I’m sure you will relate. You gather the courage to start working on a massive project like a book or film script. You may be building a house or launching a business. Whatever. The initial excitement wears down pretty quick, but you’re not one of those people who keep talking and never do anything. You’re a determined motherfucker. You spend every minute working on the thing. When you can’t work on it, you’re thinking about the thing. When you’re sleeping, you’re dreaming about it. It’s getting way out of hand.
Months later, you’re still going strong, but you can’t escape the fact that the long hours are wearing you down. You’re exhausted. Although you would never admit it, deep down you know that you won’t be able to grind like this forever.
The worst bit comes when you look at your todo list. Although you’re been working your ass off for months, it barely made a dent to the mountain of stuff still to do. There’s a shit ton. You can’t even see the end of it. How can you possibly get it all done?
You may have a 100,000-word novel planned – 50 chapters, 2,000 words each. You’re moving at a steady pace of two chapters a week. Three long months in, you’re about half-way there. But that’s just the first draft. The other day, you’ve heard a best-selling author talk about their latest book and how they discovered what the novel was truly about while working on the 17th draft. 17th draft? Are you out of your mind?
But that’s hardly all of it. Then you’ll have to query dozens, if not hundreds of literary agents.

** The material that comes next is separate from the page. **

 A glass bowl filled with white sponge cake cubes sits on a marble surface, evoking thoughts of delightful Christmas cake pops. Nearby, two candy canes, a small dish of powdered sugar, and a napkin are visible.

If you find one and they get you a publishing deal, there will be a round or two of revisions with the house editor. Besides, they will expect you to submit the sequel by the time your novel hits the shelves.
Solo projects such as writing a book can be particularly overwhelming. You will have to complete every single item on that damn list. There’s nobody else to pick it up for you. You’re on your own.
For me, this is the hardest part. Sticking with it through the hopelessness of the grind when it feels like I’m not making any progress at all, facing the uncertainty whether it will be any good. I have to remind myself that the only way this is ever going to end is if I keep going, keep picking stuff from the top of the list and getting it done. One step at a time.
Sometimes, it helps to not look at the list at all. Be oblivious to the full extent of what remains to be completed. Every now and then, I might copy a handful of items out and focus just on them instead of being constantly reminded of how hard things are still going to get.
It also helps to remind me that we’re all dealing with bottomless todo lists. Anyone who’s ever finished a substantial project had one. There’s no alternative.
As E. L. Doctorow famously said, ‘It’s like driving a car at night. You never see further than your headlights, but you can make the whole trip that way.’
So how long does it really take to write a book? A lot longer than you can imagine. But it’s worth it.